/drupal7-to-markdown

Script to migrate a Drupal 7 database to Markdown files, (╯°□°)╯︵ lɐdnɹp

Primary LanguagePython

Drupal 7 to Markdown

(╯°□°)╯︵ lɐdnɹp

This repository contains some scripts I used to convert the content from a Drupal 7 database to Markdown files. Maybe you will find them useful.

The SQL queries were only tested with MySQL (and you will need database access to run them). With MySQL getting the the nodes as CSV is as simple as:

./mysql_to_csv.sh --host your_host --user your_user your_db --password=your_pw < queries/nodes.sql > nodes.csv

The database credentials can probably be found in sites/<your_domain>/settings.php.

drupal7_to_md.py

The script postprocesses the exported CSV files. It requires Python 3.

The Python dependencies can be installed with pip3 install -r requirements.txt.

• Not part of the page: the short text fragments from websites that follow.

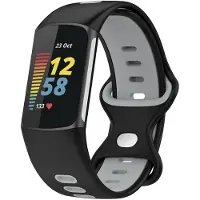 123Watches dubbel sport band - zwart grijs - - Geschikt voor Fitbit Charge 5 & 6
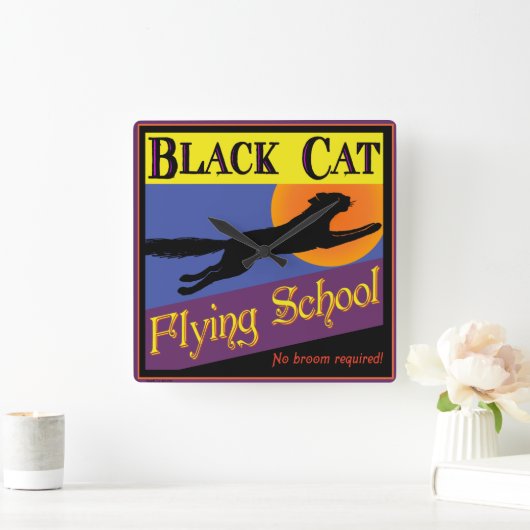 黒猫飛んでいる学校ハロウィーン時計 スクエア壁時計 (ホーム)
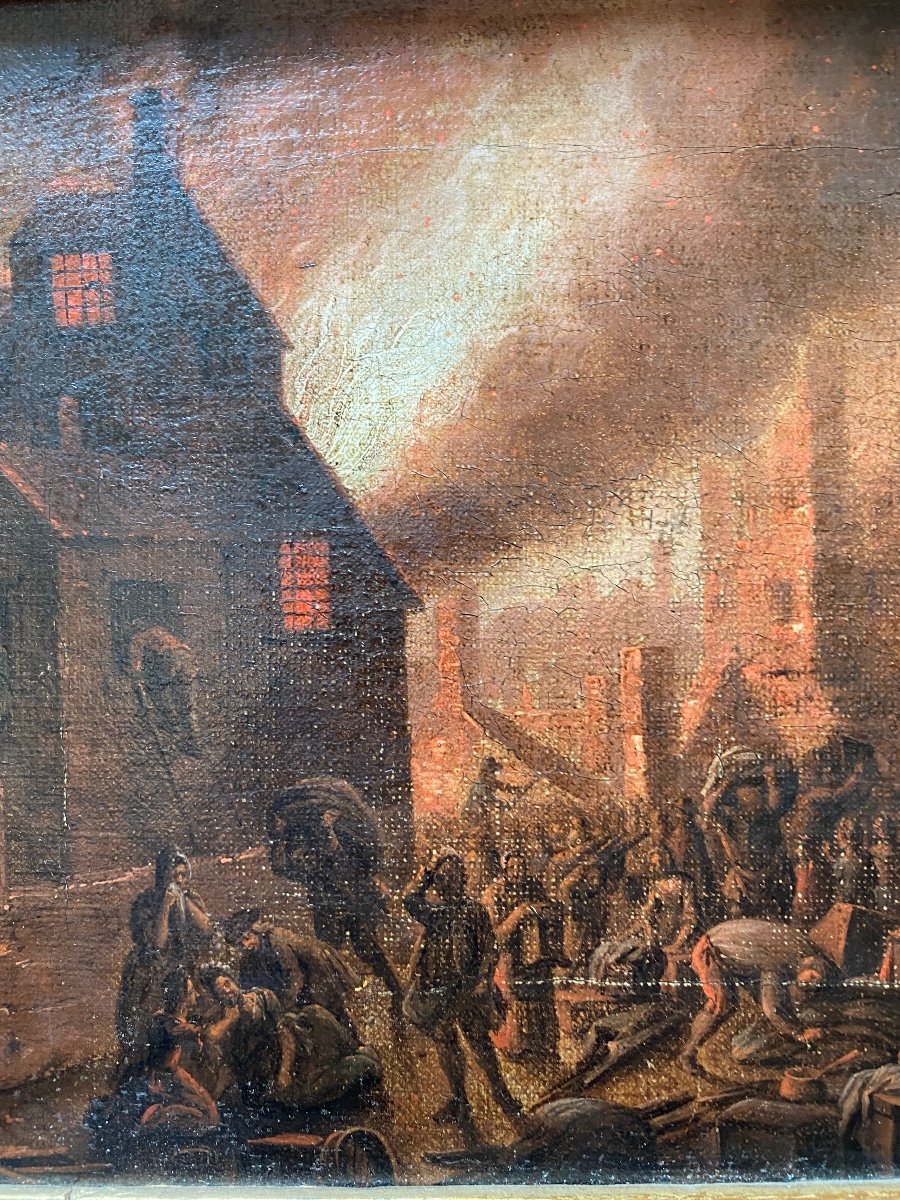 Tableau Flamand Du XVIII Eme Siècle : Incendie De Nuit -photo-3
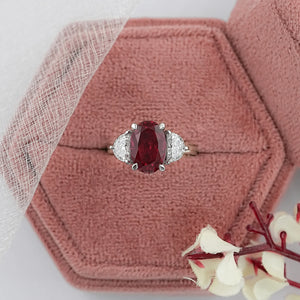 Ruby And Half Moon Diamond Three Stone Ring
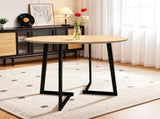 35.43 Inch Half Split Round Dining Table for 4-5 People, Industrial V-Shaped Bend Metal Legs Space 71727497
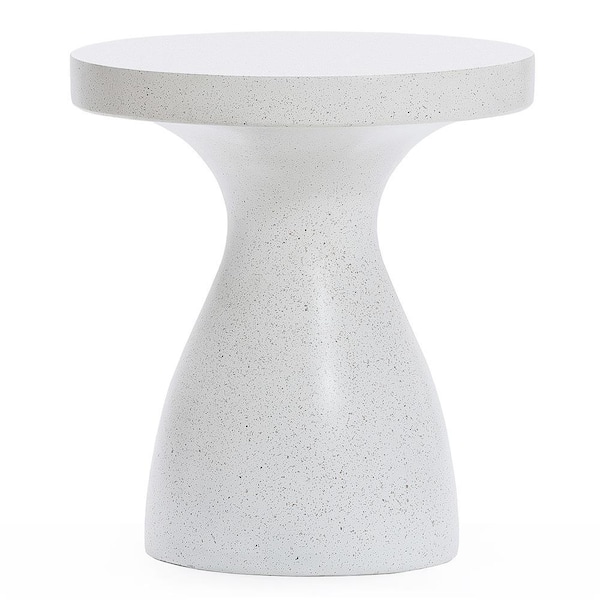 LuxenHome White and Speckled Gray Round Composite Outdoor Side Table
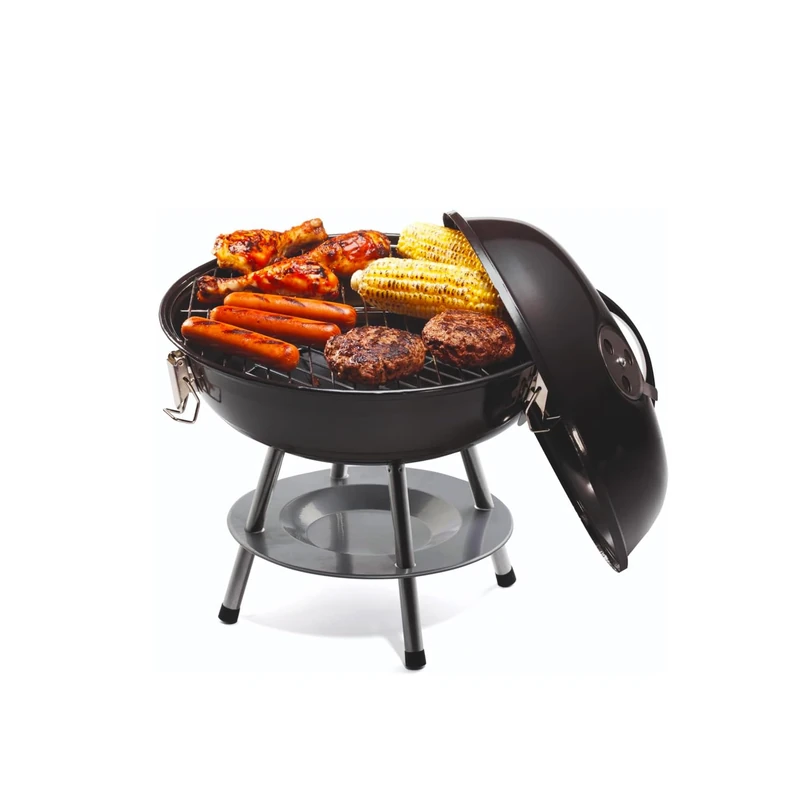 Zendea Round Barbecue with Lid 39 x 34 cm – Ideal for Cooking Meat and Fish in the Garden, Terrace or Camping – with Stainless Steel Grill and Assembly Kit – Weather Resistant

To migrate pages using the filtered HTML format of the Filter module the script uses the bundled autop.php script containing the original conversion function from Drupal. So PHP is also required.

Features

  • The HTML is converted to Markdown with html2text (monkey-patched to preserve HTML comments).
  • The script generates better slugs than Drupal, which turns dates like 19.1.2015 into 1912015.
  • all legacy links are preserved (both aliases and redirects)
  • the first image of posts is removed from the HTML and added to the frontmatter
  • shown attachments are appended as Markdown
  • topology is preserved as tags in the frontmatter
  • PHP tags in nodes are HTML-escaped and put in a <pre> tag
  • published and unpublished nodes are saved in separate directories

Optional features (run the script with -h for the usage):

  • make absolute links relative

What this script does not do

  • Handle other versions of Drupal.
  • Handle other Drupal modules (e.g. comments).
  • Handle files (you just need to copy the files directory).
  • Handle external redirects (you can get them with grep http redirects.csv).
  • Touch the database (it just operates on CSV files produced by mysql_to_csv.sh).